Attorney General: Nursing home charges controversy betrays ‘lack of understanding of legal system’

Attorney General: Nursing home charges controversy betrays 'lack of understanding of legal system'

Rossa Fanning SC

A national controversy over the State’s historic handling of litigation concerning private nursing home charges betrays “a fundamental lack of understanding of our legal system”, Attorney General Rossa Fanning SC has said in a report to ministers.

The law officer’s 30-page report on matters relating to historic pre-2005 private nursing home charges and the historic pre-2007 Disabled Persons Maintenance Allowance was laid before the Oireachtas and published yesterday.

The report was commissioned following media scrutiny of settlements reached with individuals who sued the State over their exclusion from the Health Repayment Scheme (HRS) established in 2006 on the basis that they stayed in private nursing homes rather than public nursing homes.

Hundreds of legal proceedings were initiated between 2005 and 2013 and the government was warned in 2010 that losing a test case could cost the State more than €7 billion.

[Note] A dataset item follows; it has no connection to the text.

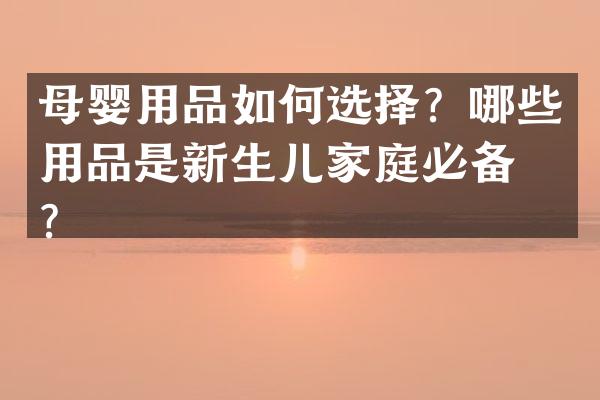 母婴用品如何选择？哪些用品是新生儿家庭必备的？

The State’s decision to settle with individual plaintiffs instead of contesting the litigation and risking pay-outs to a wider group of people has drawn significant criticism in recent weeks.

However, Mr Rossa said the government of the day had “acted prudently” and criticised “newspaper articles and associated reporting in which the State has been criticised for having a ‘secret litigation strategy’”.

He said: “Any suggestion that a ‘secret litigation strategy’, without more, is in some way improper betrays significant unfamiliarity with the civil litigation process. As I have said above, litigation is, by its very nature, adversarial. Each side is legally represented. Each side has a strategy. Each side keeps that strategy to itself.

“Every single litigant therefore must, of necessity, have a ‘litigation strategy’ and they have a fundamental legal right to keep that strategy confidential. There is nothing whatsoever sinister about that.

“Of course some people may consider that the State ought not to be involved in adversarial litigation with its citizens. I can understand that reaction. But as I am endeavouring to explain, this is unavoidable in certain cases and to think otherwise does betray a fundamental lack of understanding of our legal system.”

Mr Fanning also said there was “clear and unambiguous evidence on the files that I have reviewed that there was a bona fide and viable legal defence to those cases” and that the State would not necessarily have lost a test case.

The report also considers the Disabled Persons Maintenance Allowance and the historical question of the legal authority of the minister to withhold payment of the allowance to persons in full-time residential care funded or part-funded by the State and litigation relating to non-payment of the allowance.

Mr Fanning concludes that there was no positive legal duty to make retrospective payments, but that there was good reason for the State to be concerned about its prospects of successfully defending one case that was brought, at least as insofar as the period between 1983 and 1996 was concerned.

The government said the report will now be considered by the ministers for health and social protection.